On 18 Aug 2001 12:43:29 -0700, Paul Rubin <phr-n2001 at nightsong.com> wrote:

>m.faassen at vet.uu.nl (Martijn Faassen) writes:
>> > I think I'm reacting not as much to language differences as to
>> > differences in system maturity.  Whenever I write something in Perl or
>> > CL, and I need to do something like turn an array into a string,
>> 
>> Do you mean a Python list? ''.join(mylist)
>
>No I mean a list of character values, like (97,98,99) => "abc".
>
You mean like this?

 >>> ''.join(map(chr,(97,98,99)))
 'abc'

>> > somebody seems to have faced that problem before and it's been taken
>> > care of in some reasonably thought-out way.  In Python, I often feel
>> > like I'm doing something that hasn't been done much before.
>> 
>> In part I suspect that's due to your inexperience with the language, but
>> please keep pointing out the things that are missing. :)
>
>Here's one: say I have a long int, like x = 7**77777L.  How can I tell
>how many bits it takes to express that number in binary?  How can I
>convert it into a packed character string (i.e. represent it in string
>form with 8 bits/char so I can write it to a file)?  The answers I can
>think of involve weird kludges and/or are unacceptably slow.
>
>Thanks.
Brute force, but easy to understand:
 >>> x = 7**77777L
 >>> cl = []
 >>> while x:
 ...     cl += chr(x&0xff)
 ...     x = x>>8
 ...
 >>> s = ''.join(cl)

Which gives you a little-endian result.

To get the string length required quickly, we can use
the builtin hex conversion which is very fast.
Note the '0x' in front and 'L' at the end (3 extra)
 >>> hex(x)[:5]
 '0xC7F'
 >>> hex(x)[-5:]
 'B487L'
 >>> len(hex(x))-3
 54587
 >>> (len(hex(x))-3+1)/2
 27294

That ought to hold the string, and is confirmed by
 >>> len(s)
 27294

That's not the exact number of bits, so define a function like so:
 >>> import math
 >>> def bitsin(x):
 ...     return math.frexp(eval(hex(x)[:3]))[1]+4*(len(hex(x))-4)
 ...
 >>> bitsin(7**77777L)
 218348

(It checks the bits in the first character and adds 4 each for the rest).

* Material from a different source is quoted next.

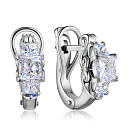 Серьги с английским замком из белого золота с бриллиантами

Since the first character is 'C' that's 4 bits, so all the hex chars
are 4 bits, for
 >>> len(hex(x))-3
 54587
 >>> (len(hex(x))-3)*4
 218348

which checks.
 >>> bitsin(7L)
 3
also checks (it assumes long type though, subtracting 1 for the 'L')

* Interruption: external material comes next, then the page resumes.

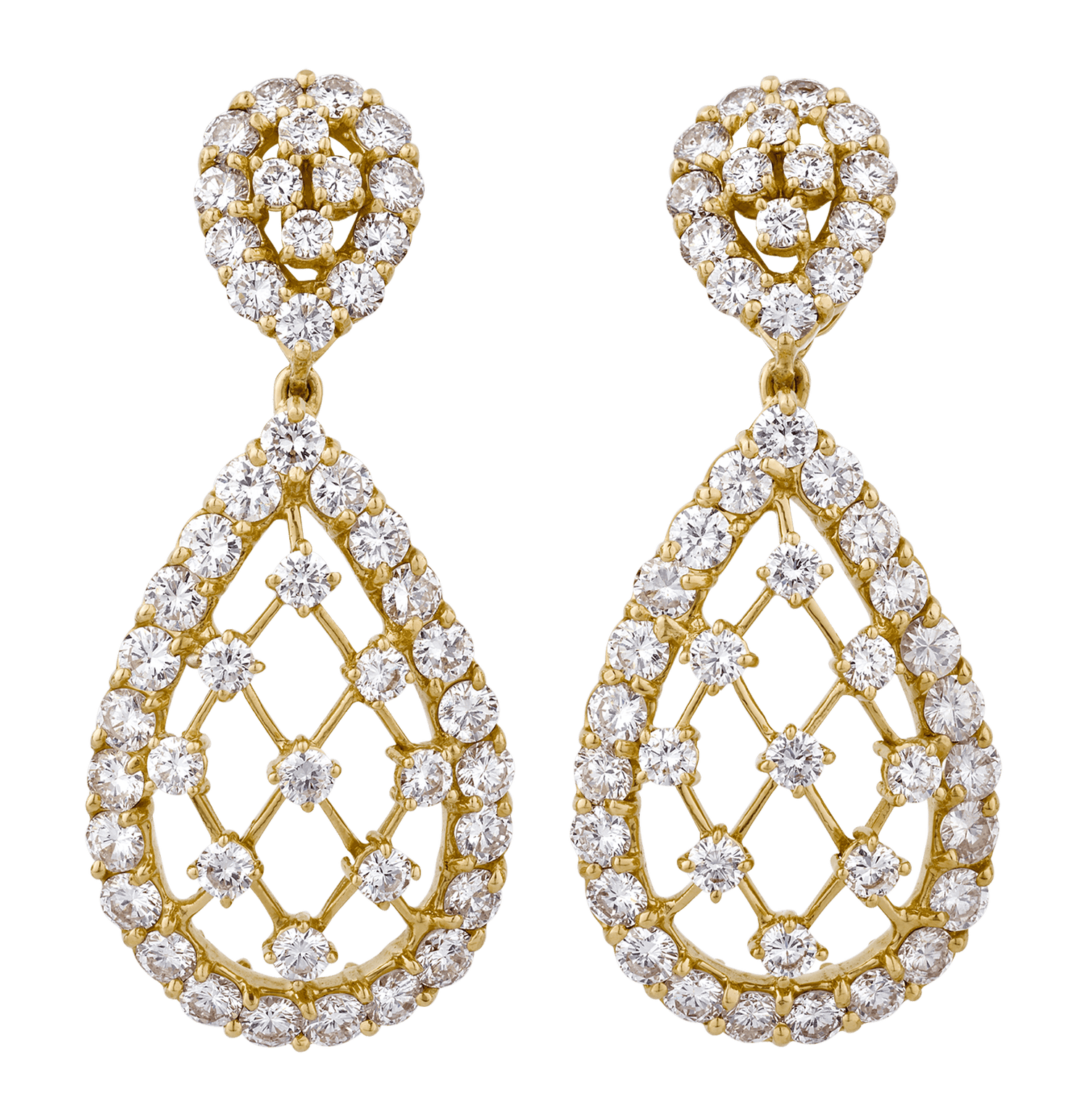 Diamond Net Earrings, 6.25 Carats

I grant you, the while loop takes a few seconds, and so does the 7**77777L.
How fast do you need? We could write faster algorithms for the exponentiations,
and also the conversion to string, both in Python. We could also obviously
write a fast extension to do it in C/C++ and return a string of 8-bit chars
as fast as the hex() function.
How fast do you need?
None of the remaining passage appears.